Oil and gas stocks are plunging, while the focus on climate change keeps rising. That’s making financial advisors look to clean-energy investments increasingly for their clients.
“There's definitely a growing demand for low-carbon investing for both ethical and financial reasons,” says Tim Nash, founder and independent investment coach at Good Investing in Toronto.
The task for advisors is to guide investors through a period of major change in energy.
“A lot of investors recognize and want to profit from opportunities in this sector, while hedging their bets against traditional energy companies that might be left behind as we make the transition from fossil fuels,” Mr. Nash says.
He recommends a strategic approach that addresses an investor’s financial goals and minimizes risk.
For example, investors seeking growth might consider companies that develop technologies used to generate renewable energy, such as solar panels, or wind and hydro turbines.
For other investors focused on preserving wealth and drawing income, the way to go might be companies contracted to build and operate clean-energy infrastructure. Examples of such operators include Bermuda-based Brookfield Renewable Partners LP (BEP-UN-T), Innergex Renewable Energy Inc. (INE-T) in Longueuil, Que., and Boralex Inc. (BLX-T) in Kingsey Falls, Que.
“They own the projects and contracts, not the technology. As long as the sun shines, the wind blows or the water flows, they’ll keep getting revenue,” Mr. Nash says. “Many of them also pay investors high dividends.”
Spreading the risk is key, he adds. Investors need to ensure they’re diversified across all technologies instead of putting all their green-energy money into just solar or wind.
Adding some international assets is also smart, Mr. Nash says. Exchange-traded funds (ETFs) can make it easier to gain this global diversification. He points to Invesco Global Clean Energy ETF (PBD-A) as an example of a fund that’s well diversified across technologies and regions.
For investors looking for dividends and global exposure, a possible option is Global X YieldCo & Renewable Energy Income ETF (YLCO-Q). It includes companies such as the power distributor Enel Americas SA (ENIA-N) in Chile and Denmark-based Vestas Wind Systems A/S (VWDRY-OTC-US), which Mr. Nash says is the world’s largest wind-turbine producer.
When searching for green-energy investment opportunities, where should advisors look internationally? Alex McVean, advisor with McVean Wealth at HollisWealth, a division of Investia Financial Services Inc., in Toronto, suggests focusing on countries with environmentally responsible governments.
“Many clean energy businesses rely heavily on government subsidies to grow,” Mr. McVean says. “Investing in a country whose politics could shift away from environmental responsibility could be a threat to these subsidies and the company.”
If advisors are directing clients toward renewable energy ETFs or mutual funds, consider how each underlying stock is weighted, says Darryl Brown, an independent advisor at You&Yours Financial in Toronto.
“Some funds have a high amount of concentration in relatively few firms. So, you end up isolating your investment in this sector to maybe 25 companies, with perhaps a handful from this total representing up to 50 per cent of the fund,” Mr. Brown says. “It may look like a diversified fund, but when you start peeling back, you’ll see the risk is concentrated in just a few stocks.”
Beyond ETFs and mutual funds, he says adding a different asset class is a good way to diversify green-energy investments. Examples of green-energy fixed-income investments include SolarShare Bonds and CoPower Green Bonds.
Although the clean-energy industry has grown rapidly over the past several years, finding individual stocks to add to an investment portfolio can be challenging, Mr. Brown says.

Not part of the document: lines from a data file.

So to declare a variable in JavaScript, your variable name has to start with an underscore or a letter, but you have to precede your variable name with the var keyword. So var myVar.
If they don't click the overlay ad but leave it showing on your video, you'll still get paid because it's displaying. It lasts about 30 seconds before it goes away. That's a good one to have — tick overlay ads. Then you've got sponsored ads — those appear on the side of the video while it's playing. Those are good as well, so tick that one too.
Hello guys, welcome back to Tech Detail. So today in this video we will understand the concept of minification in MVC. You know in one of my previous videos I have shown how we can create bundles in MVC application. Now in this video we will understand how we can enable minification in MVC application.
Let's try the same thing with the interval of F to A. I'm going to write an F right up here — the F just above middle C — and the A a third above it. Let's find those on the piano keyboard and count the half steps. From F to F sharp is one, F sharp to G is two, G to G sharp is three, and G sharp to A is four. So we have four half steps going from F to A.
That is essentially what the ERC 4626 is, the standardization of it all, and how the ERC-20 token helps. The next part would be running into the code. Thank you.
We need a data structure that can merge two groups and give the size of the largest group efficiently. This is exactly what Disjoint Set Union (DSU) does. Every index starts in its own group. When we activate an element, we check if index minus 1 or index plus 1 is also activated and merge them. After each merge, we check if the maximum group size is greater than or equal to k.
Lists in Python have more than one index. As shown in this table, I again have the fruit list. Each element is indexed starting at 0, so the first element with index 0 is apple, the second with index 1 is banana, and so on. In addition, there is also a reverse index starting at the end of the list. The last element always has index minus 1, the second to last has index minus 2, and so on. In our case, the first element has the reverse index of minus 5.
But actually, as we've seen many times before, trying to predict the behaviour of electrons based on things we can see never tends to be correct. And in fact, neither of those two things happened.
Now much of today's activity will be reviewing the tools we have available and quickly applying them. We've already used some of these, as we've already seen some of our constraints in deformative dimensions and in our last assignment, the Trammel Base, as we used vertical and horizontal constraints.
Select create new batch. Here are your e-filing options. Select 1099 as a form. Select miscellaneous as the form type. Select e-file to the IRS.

“Research has always been a key part of successful investing, and it’s especially important when you're investing in an industry that’s still taking shape,” he says.

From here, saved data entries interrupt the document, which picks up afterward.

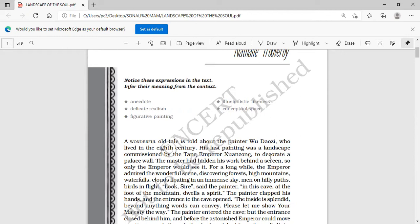Let me start the chapter. 'A wonderful old tale is told about the painter Wu Daozi, who lived in the 8th century. His last painting was a landscape commissioned by Tang Emperor Zhuang Zhong to decorate a palace wall.' So Wu Daozi is a Chinese painter whose last painting was a landscape ordered by Emperor Zhuang Zhong to be mounted on his palace wall.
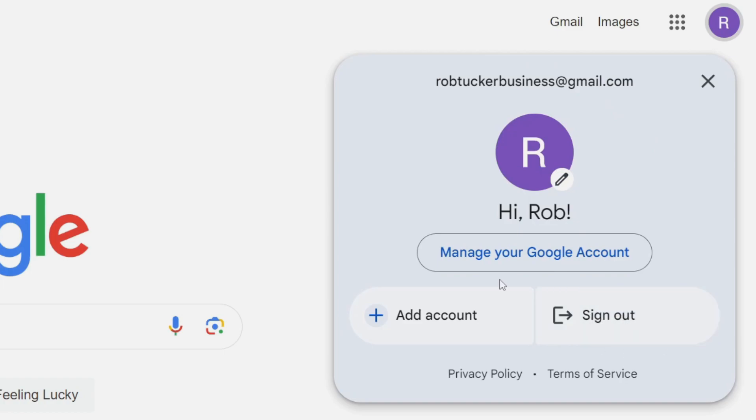If there are multiple Google accounts, you'll need to expand that section and then click on sign out of all accounts, and then you'll just need to sign back into the account you wish to keep.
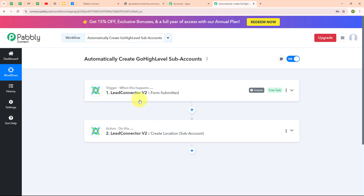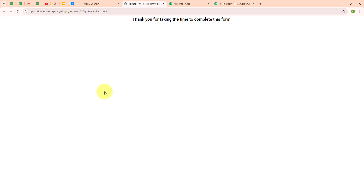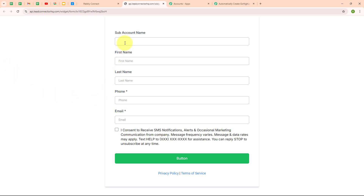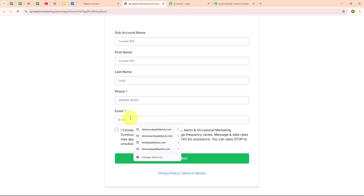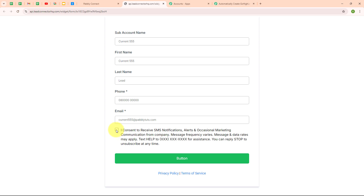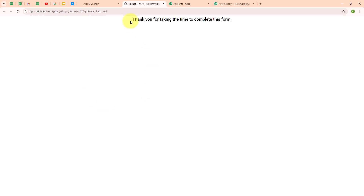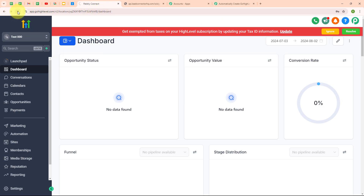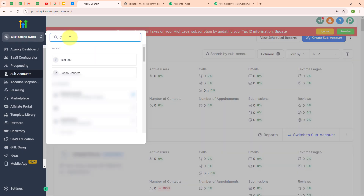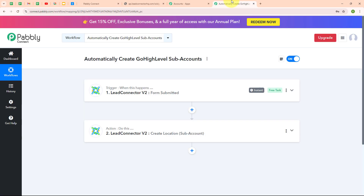Now let's test our automation with a real-time example. We are going to submit another new form response. I am going to refresh the form and enter another dummy data: sub account name as current5555, first name as current5555, last name as lead, a random phone number, and email as current555@pabbly.com. After submitting, it says 'thank you for taking the time to complete this form.' Let's check our GoHighLevel account. After refreshing and searching for current5555, we have successfully created a new sub account with the name current5555. Our automation is working correctly.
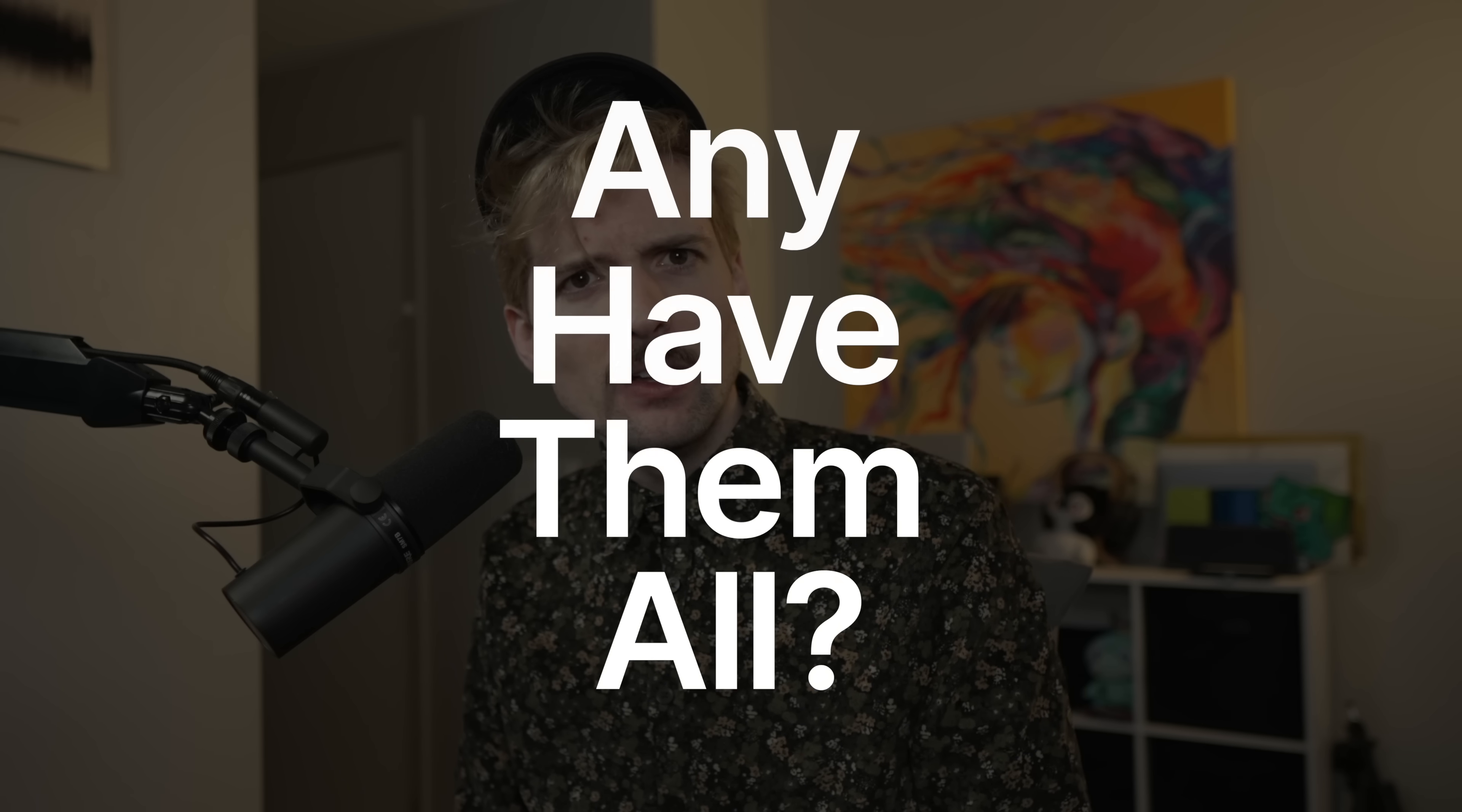There are so many full stack frameworks. It feels like a new one comes out every day. Each one has a unique set of features, but do any have them all? Let's talk about it.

What will a mature clean-energy sector look like? Kurt Sorschak, president and chief executive of Xebec Adsorption Inc. (XBC-X), in Blainville, Que., which provides technology that purifies, generates and filters various gases, expects solar and renewable natural gas to dominate in the future.
Mr. Sorschak says solar’s big advantage is that it’s cheap to produce, However, large-scale storage has always been a problem. One possible game-changer is new technology that converts solar energy to gas that can be stored in pipelines.
“That’s the big play in the future for gas utilities,” Mr. Sorschak says.
For now, Mr. Nash says advisors should make diversification – across technologies, companies and regions – a mantra for clean-energy investing. He recommends allocating no more than 15 per cent of an investor’s portfolio to renewable energy.
“The industry and the technologies are changing so quickly that’s it’s almost impossible to know what’s going to do well,” Mr. Nash says. “I would caution investors not to pick and choose specific technologies, but instead stay diversified as they would with the rest of their portfolio.”